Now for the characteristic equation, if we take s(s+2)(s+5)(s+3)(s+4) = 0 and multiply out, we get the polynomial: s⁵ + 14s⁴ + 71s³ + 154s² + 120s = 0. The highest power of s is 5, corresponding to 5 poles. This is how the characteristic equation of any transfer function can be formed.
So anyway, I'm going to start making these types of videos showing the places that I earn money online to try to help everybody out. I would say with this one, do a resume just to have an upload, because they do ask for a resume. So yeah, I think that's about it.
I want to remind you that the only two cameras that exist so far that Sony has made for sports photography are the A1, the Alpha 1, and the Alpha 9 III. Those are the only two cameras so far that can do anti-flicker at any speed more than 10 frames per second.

* * *

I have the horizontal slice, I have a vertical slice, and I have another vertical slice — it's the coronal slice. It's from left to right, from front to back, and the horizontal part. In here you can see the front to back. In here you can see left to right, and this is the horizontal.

**Exercise directions**: Transcribe each line of the data above, unaltered, from the one where "So anyway, I'm" appears to the one where "I want to remind" appears, inclusive of both.

**Task result**:
So anyway, I'm going to start making these types of videos showing the places that I earn money online to try to help everybody out. I would say with this one, do a resume just to have an upload, because they do ask for a resume. So yeah, I think that's about it.
I want to remind you that the only two cameras that exist so far that Sony has made for sports photography are the A1, the Alpha 1, and the Alpha 9 III. Those are the only two cameras so far that can do anti-flicker at any speed more than 10 frames per second.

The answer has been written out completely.